There is an intense strength about the creative mind that transcends reality in order to achieve something better.
I did not realise this, when I still spent time with Aldous and Harry, and wondered why I was not completely discouraged from doing anything, since they did not appear to either understand what I was doing, nor want to understand when it was explained to them.
Twisty, who is a finisher rather than a creator, is more encouraging as a rule, but I have detected the familiar sneer of contempt even as he sits watching me make a piece for weeks knowing perfectly well that everything I make looks as if a five year old is working on it until it gets to completion. I have a very low failure rate, some would say too low, but I do tend to get the job done, even when the items I work on tend to be experimental in nature. Better this than not trying at all.
Honey, I made you an icon, for example, is a form of orgonite, which I discovered in the course of experimenting with coloured grout and a vague idea I had about glorifying Wolfe in precious metals and gemstones.

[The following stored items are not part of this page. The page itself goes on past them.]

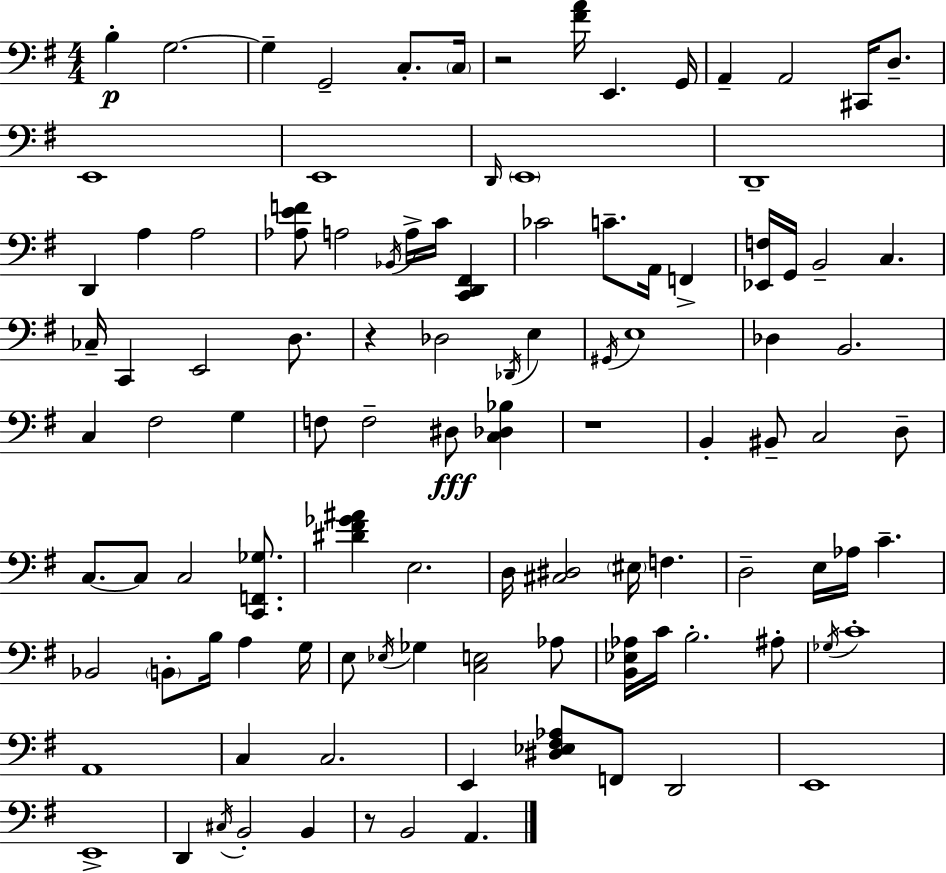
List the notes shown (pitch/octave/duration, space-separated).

B3/q G3/h. G3/q G2/h C3/e. C3/s R/h [F#4,A4]/s E2/q. G2/s A2/q A2/h C#2/s D3/e. E2/w E2/w D2/s E2/w D2/w D2/q A3/q A3/h [Ab3,E4,F4]/e A3/h Bb2/s A3/s C4/s [C2,D2,F#2]/q CES4/h C4/e. A2/s F2/q [Eb2,F3]/s G2/s B2/h C3/q. CES3/s C2/q E2/h D3/e. R/q Db3/h Db2/s E3/q G#2/s E3/w Db3/q B2/h. C3/q F#3/h G3/q F3/e F3/h D#3/e [C3,Db3,Bb3]/q R/w B2/q BIS2/e C3/h D3/e C3/e. C3/e C3/h [C2,F2,Gb3]/e. [D#4,F#4,Gb4,A#4]/q E3/h. D3/s [C#3,D#3]/h EIS3/s F3/q. D3/h E3/s Ab3/s C4/q. Bb2/h B2/e B3/s A3/q G3/s E3/e Eb3/s Gb3/q [C3,E3]/h Ab3/e [B2,Eb3,Ab3]/s C4/s B3/h. A#3/e Gb3/s C4/w A2/w C3/q C3/h. E2/q [D#3,Eb3,F#3,Ab3]/e F2/e D2/h E2/w E2/w D2/q C#3/s B2/h B2/q R/e B2/h A2/q.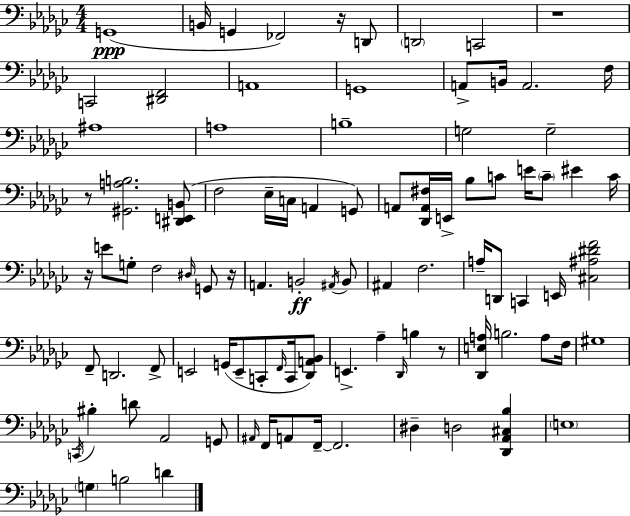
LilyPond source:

{
  \clef bass
  \numericTimeSignature
  \time 4/4
  \key ees \minor
  g,1(\ppp | b,16 g,4 fes,2) r16 d,8 | \parenthesize d,2 c,2 | r1 | \break c,2 <dis, f,>2 | a,1 | g,1 | a,8-> b,16 a,2. f16 | \break ais1 | a1 | b1-- | g2 g2-- | \break r8 <gis, a b>2. <dis, e, b,>8( | f2 ees16-- c16 a,4 g,8) | a,8 <des, a, fis>16 e,16-> bes8 c'8 e'16 \parenthesize c'8-- eis'4 c'16 | r16 e'8 g8-. f2 \grace { dis16 } g,8 | \break r16 a,4. b,2-.\ff \acciaccatura { ais,16 } | b,8 ais,4 f2. | a16-- d,8 c,4 e,16 <cis ais dis' f'>2 | f,8-- d,2. | \break f,8-> e,2 g,16( e,8-- c,8-. \grace { f,16 } | c,16 <des, a, bes,>8) e,4.-> aes4-- \grace { des,16 } b4 | r8 <des, e a>16 b2. | a8 f16 gis1 | \break \acciaccatura { c,16 } bis4-. d'8 aes,2 | g,8 \grace { ais,16 } f,16 a,8 f,16--~~ f,2. | dis4-- d2 | <des, aes, cis bes>4 \parenthesize e1 | \break \parenthesize g4 b2 | d'4 \bar "|."
}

It was only after I started the work that it occurred to me that all the gemstones had reiki meanings, and so I simply went for the relevant stones to create a message within a rather flashy and childlike rendering of Wolfe’s face. (I do love this picture of him, but I suspect it is because I see the genetic pointers that my father imprinted on me, so I guess it is a little vain of me. He also looks a bit tired, which is very cute indeed if you happen to be a chick.)
Twisty has some amusing pictures of the making of the icon, which he takes great delight in showing me now and again. I am reasonably pleased with the glorious kitsch imperfection and quasi-medieval effect. I was very surprised that it was so popular in Russia. I was afraid that they would be slightly offended that I had borrowed some Russian Orthodox imagery, but they passed the blog post around Russia for weeks.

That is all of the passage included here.